Por una parte, existe una gran ingenuidad «angelical», una sed de bondad y de afecto que será explotada por los «mercaderes del templo» de la «New Age», como se comprueba particularmente en los Estados Unidos con toda la «Angelomanía», que no es más que un fenómeno de moda basado en la angustia y las necesidades afectivas de gente inmadura y crédula. Pero en medio de este universo de artilugios, siempre hay investigaciones serias que tener en cuenta, si mostramos discernimiento y sabemos «separar la paja del grano», ya que cada vez hay más gente abierta a otras dimensiones de la realidad y que transmiten testimonios honestos de sus vivencias
Por otra parte, los ángeles rebeldes y la imagen de Satanás alimentaron las actitudes sectarias e inquisitoriales propias del advenimiento de la Edad Media que ya estamos viviendo, de la cual hablan sociólogos como Alain Minc.

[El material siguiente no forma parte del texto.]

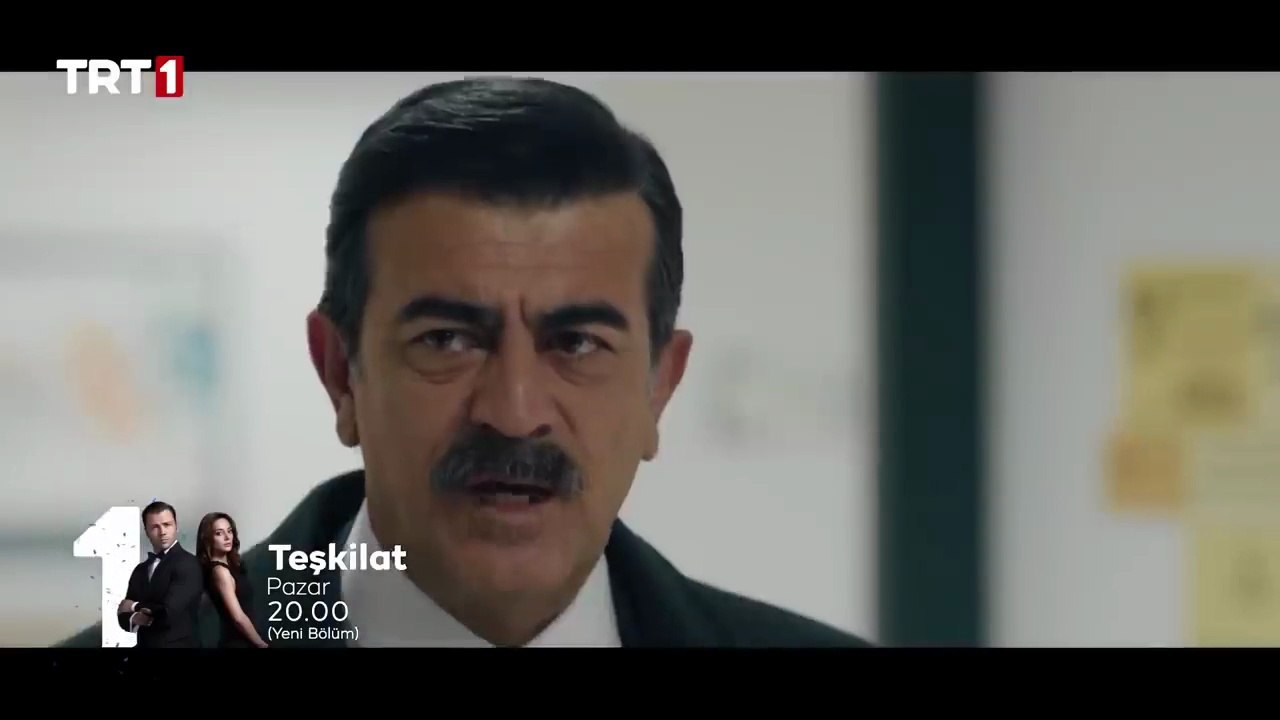 Teşkilat 155.Bölüm - Teşkilat Sezon 6 Bölüm 155 Fragman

La fragmentación y la atomización del mundo –tan vasto y tan ajeno a nuestras preocupaciones inmediatas– en una infinidad de partículas y el encierro en sí mismo surgido de la gran desconfianza y del combate de todos contra todos, revelará las formas más negativas de las sombras colectivas (en el sentido jungiano) de las naciones, de las regiones y de los grupos; los cuales tratan una vez más de diabolizar y excluir a todos aquellos que no piensan como ellos.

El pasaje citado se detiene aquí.